╔══
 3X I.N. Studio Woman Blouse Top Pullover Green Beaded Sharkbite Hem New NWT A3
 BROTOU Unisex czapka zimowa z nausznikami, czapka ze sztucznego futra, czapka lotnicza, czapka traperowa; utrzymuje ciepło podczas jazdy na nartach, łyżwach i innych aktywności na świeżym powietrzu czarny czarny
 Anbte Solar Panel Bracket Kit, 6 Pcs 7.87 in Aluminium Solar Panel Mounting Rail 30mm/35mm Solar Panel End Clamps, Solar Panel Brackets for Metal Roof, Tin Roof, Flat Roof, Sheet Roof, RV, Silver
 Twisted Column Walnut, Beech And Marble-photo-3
╚══
╔══
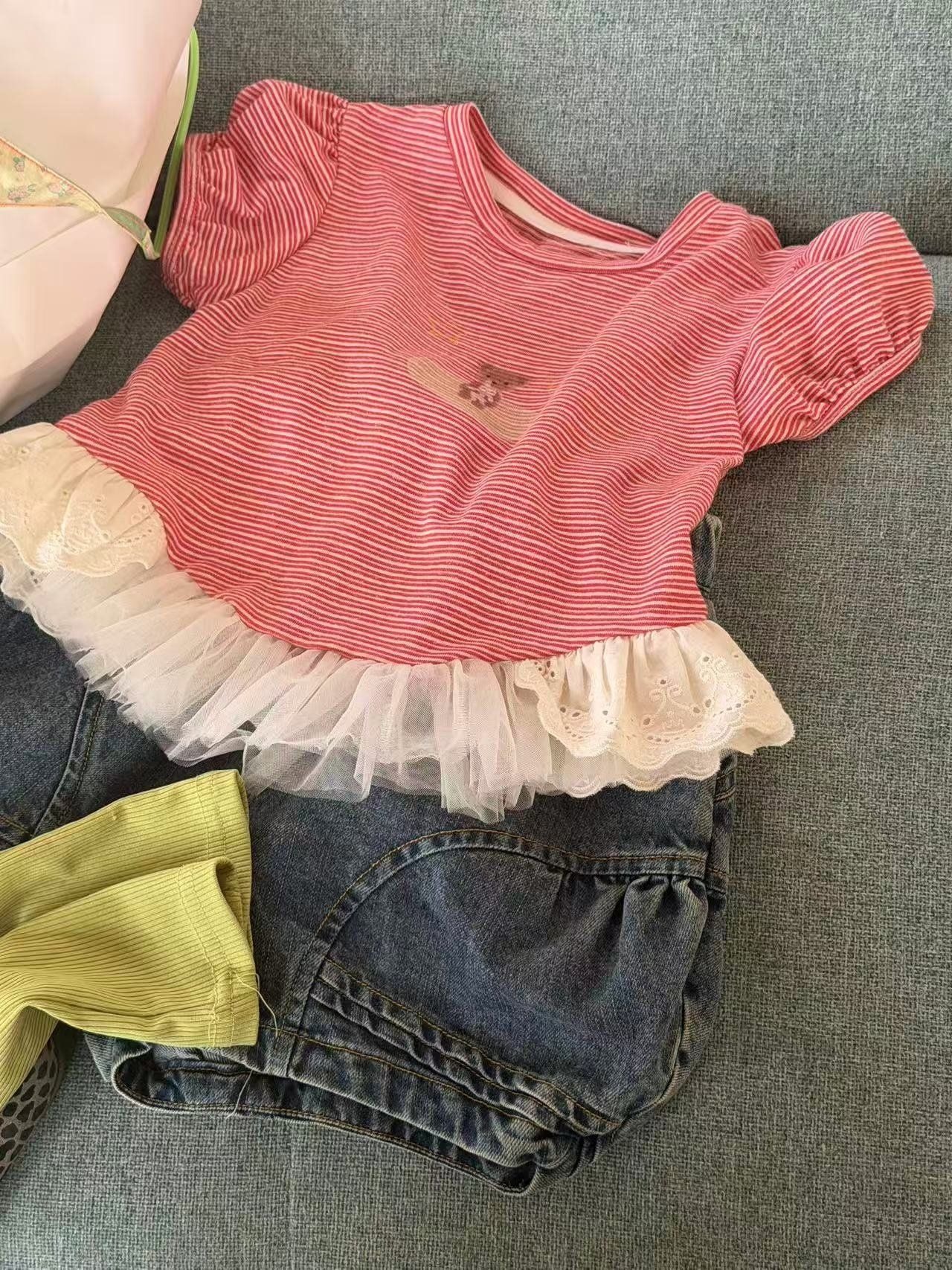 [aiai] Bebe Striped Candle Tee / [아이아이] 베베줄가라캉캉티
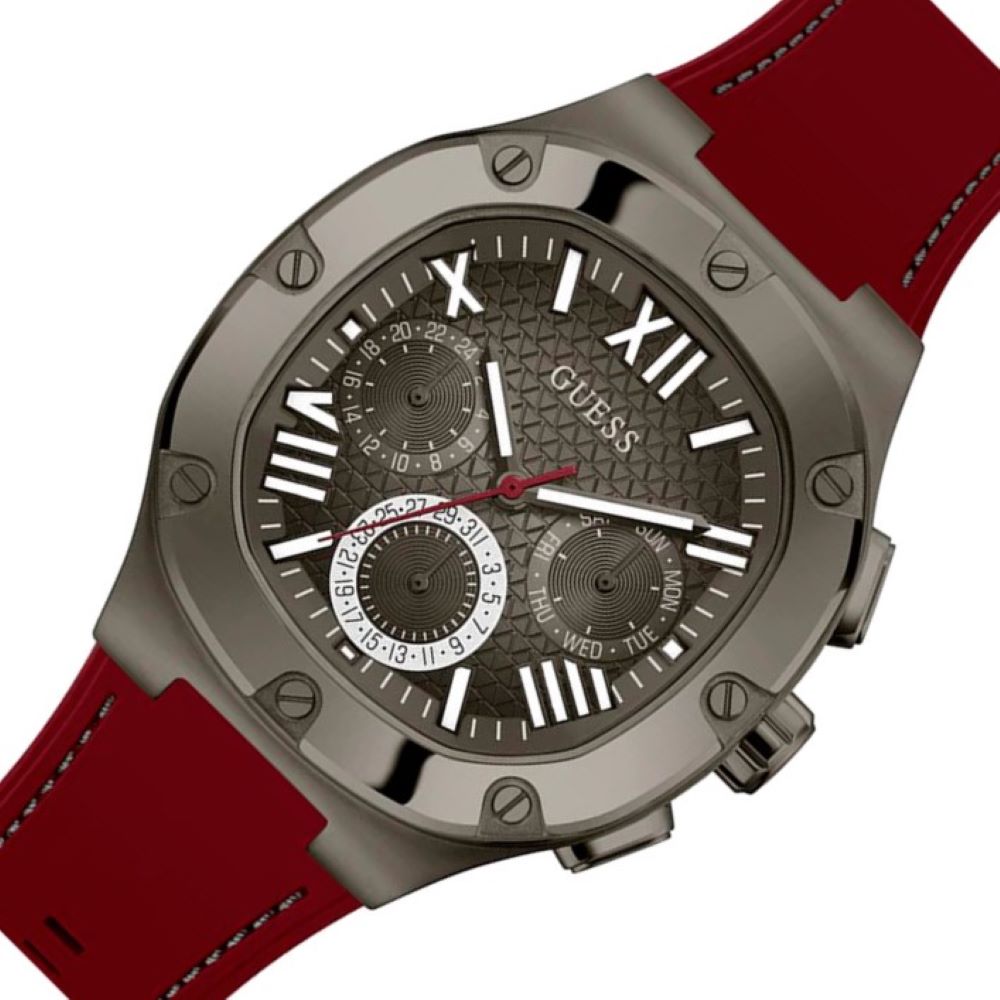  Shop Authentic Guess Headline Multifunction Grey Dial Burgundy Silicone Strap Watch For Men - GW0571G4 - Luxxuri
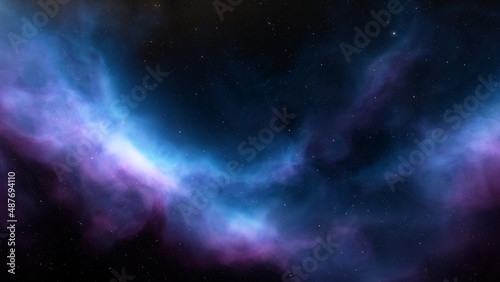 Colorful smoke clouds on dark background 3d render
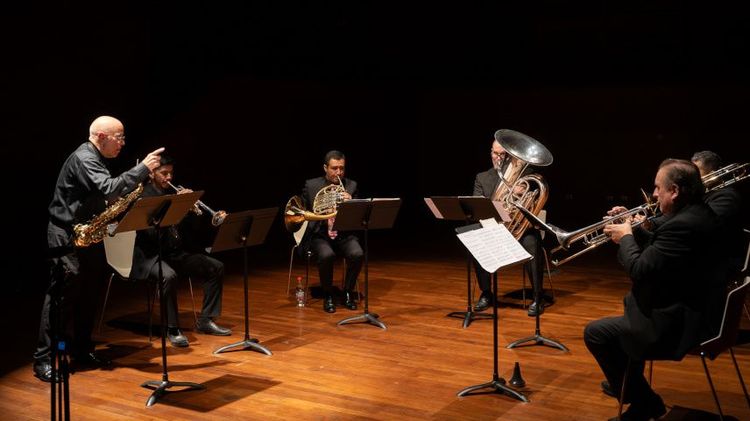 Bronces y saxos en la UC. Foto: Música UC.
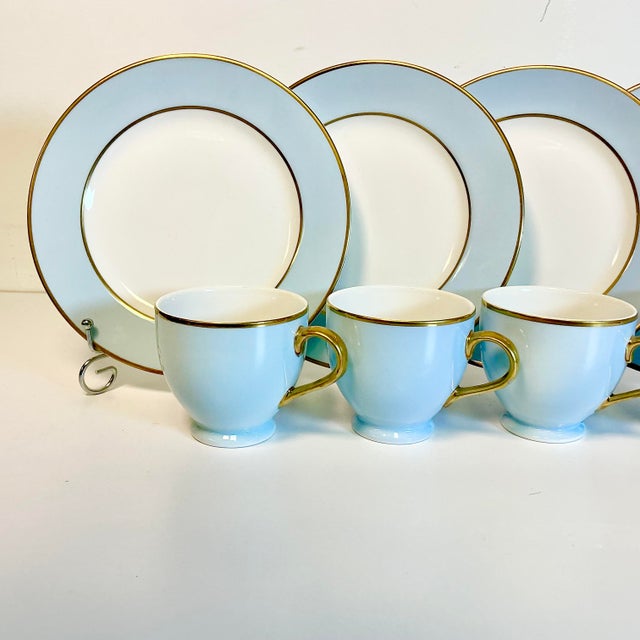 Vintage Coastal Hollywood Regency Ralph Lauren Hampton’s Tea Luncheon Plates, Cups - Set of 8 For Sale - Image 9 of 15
╚══
- _WHAT YOU NEED TO DO_
Would you retype the lines above from the one with "3X I.N. Studio" down to the one with "Twisted Column Walnut, Beech", word for word, both ends included and no other lines?

- _SOLUTION TO THIS TASK_
 3X I.N. Studio Woman Blouse Top Pullover Green Beaded Sharkbite Hem New NWT A3
 BROTOU Unisex czapka zimowa z nausznikami, czapka ze sztucznego futra, czapka lotnicza, czapka traperowa; utrzymuje ciepło podczas jazdy na nartach, łyżwach i innych aktywności na świeżym powietrzu czarny czarny
 Anbte Solar Panel Bracket Kit, 6 Pcs 7.87 in Aluminium Solar Panel Mounting Rail 30mm/35mm Solar Panel End Clamps, Solar Panel Brackets for Metal Roof, Tin Roof, Flat Roof, Sheet Roof, RV, Silver
 Twisted Column Walnut, Beech And Marble-photo-3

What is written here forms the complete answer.